歴史
東北最大規模の史跡「雷神山古墳」や60余基の高塚式古墳、100余基の大規模な熊野堂横穴墓群などの古墳をはじめ、中世から近世にかけて、東北太平洋沿岸で熊野信仰布教の拠点となった熊野神社(旧熊野新宮社)、熊野本宮社、熊野那智神社の名取熊野三社があります。
陸奥国の古官道「東街道(あずまかいどう)」がはしる西部丘陵上には、高舘城跡をはじめ中世城館跡が点在し、街道沿いには藤原実方朝臣の墓など伝承の地が数多く残されています。
郷土芸能では、熊野信仰の隆盛を今に伝える熊野堂神楽や舞楽、道祖神神楽、花町神楽、熊野堂十二神鹿踊、今熊野神社付属神楽、下増田麦搗き踊、閖上大漁唄い込み踊、手倉田枡取り舞などがあります。

雷神山古墳
4世紀後半の古墳時代前期から多数の古墳が造営され、中でも東北地方最大の前方後円墳の「雷神山古墳」が有名です。

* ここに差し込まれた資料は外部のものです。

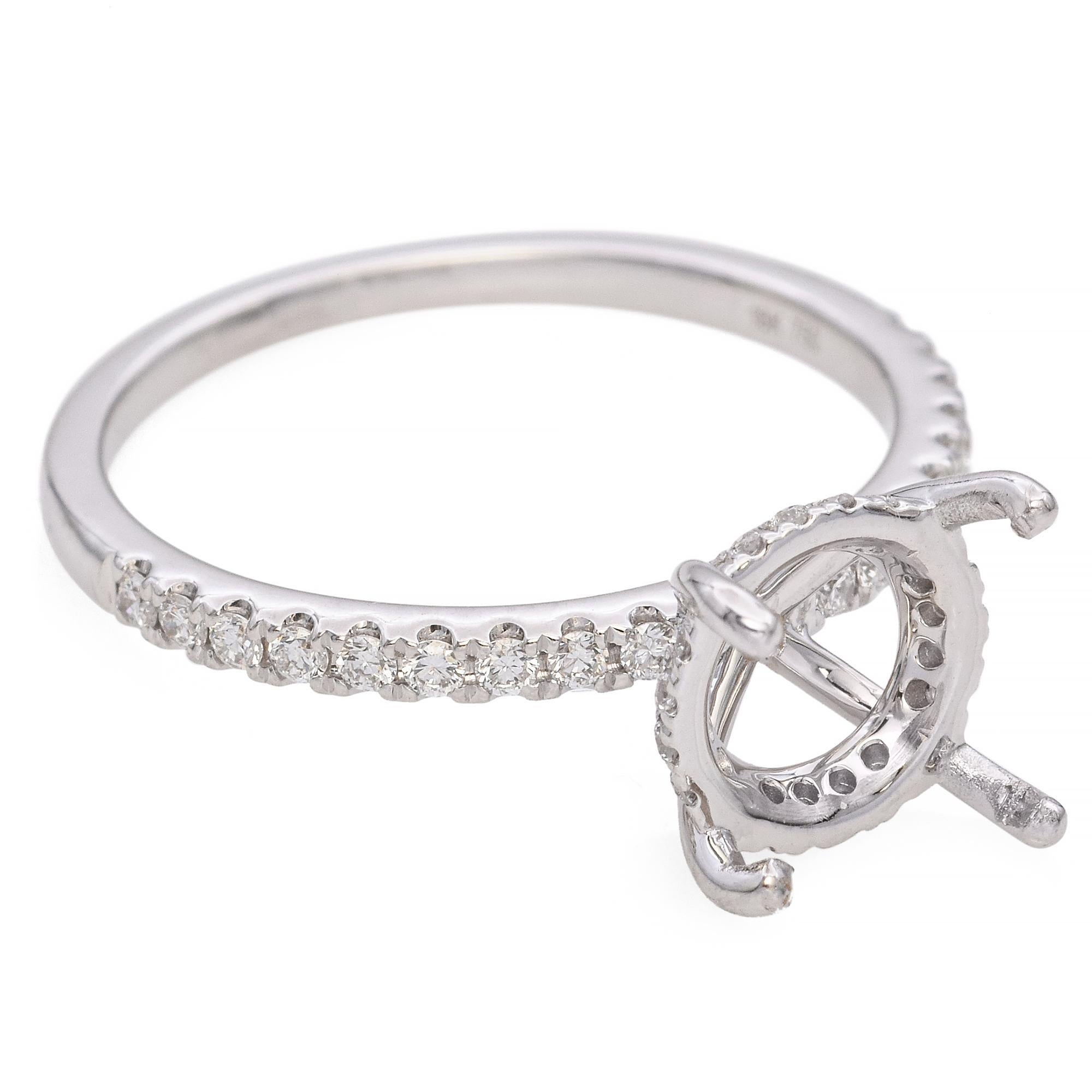Anillo de compromiso de oro blanco de 18 quilates con semimontura oculta de halo de diamantes en venta 1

大型前方後円墳はこれ一つですが、多数の中小古墳(飯野坂古墳群、十三塚古墳、名取大塚山古墳)が作られ7-8世紀の横穴墓に続きました。
中将藤原実方朝臣
平安時代中期に中古三十六歌仙の一人 公家・藤原実方朝臣が陸奥守に任じられ、任期も間近にし名取の笠松道祖神の前で落馬し亡くなりました。
源氏物語の主人公 光源氏のモデルと言われています。
実方の墓標や佐倍乃神社(道祖神社)・西行法師の歌碑・松尾芭蕉の句碑などなど伝承の地が数多く残されています。
名取熊野三社
平安時代後期に高舘丘陵北東麓に紀伊国の熊野神社の本宮・新宮・那智社が勧請され、名取熊野三山が形成されました。
三社を合祀せず別々に設けて三山を引き写したのは全国的にみても珍しいものです。
東街道(あずまかいどう)
「奥州街道」以前の陸奥国の主要道路。
東街道と呼ばれるようになったのは、江戸時代になってからですが、古代では「東山道(とうさんどう/あずまやまみち)」、中世では「奥大道(おくだいどう)」として利用されてきました。
千貫―北目―笠島―塩手―箕輪―熊野堂を通り、名取川を渡って多賀の国府に至っていました。
時代の変遷とともに、道筋は何度も変わりましたが、沿線には多くの遺跡や物語が伝わっています。
奥州街道
江戸時代の五街道の一つ。江戸日本橋を起点として以北する街道です。
名取の宿場としては増田宿がありました。
現在、沿線には芭蕉の句碑、館腰神社、雷神山古墳などがあります。
貞山運河
貞山運河は、江戸時代から明治時代に作られ、仙台湾の海岸線約130kmの内、約半分の約60kmに及ぶ日本最長の運河系です。
旧北上川河口から松島湾を経由して阿武隈川河口まで、海岸線に並行して続いています。
名取は木曳堀の中に入り、治水や利水といった機能以外に、歴史・景観等の魅力を有しています。
現在、平成23年3月11日に発生した東日本大震災の被災により、復旧を進めています。
名取市
7世紀末から8世紀に市の名前の由来となる「名取郡」の名称が、文献に初めて登場しました。
昭和33年(1958年)に、市制施行(世帯数5,382戸、人口33,123人)して名取市になりました。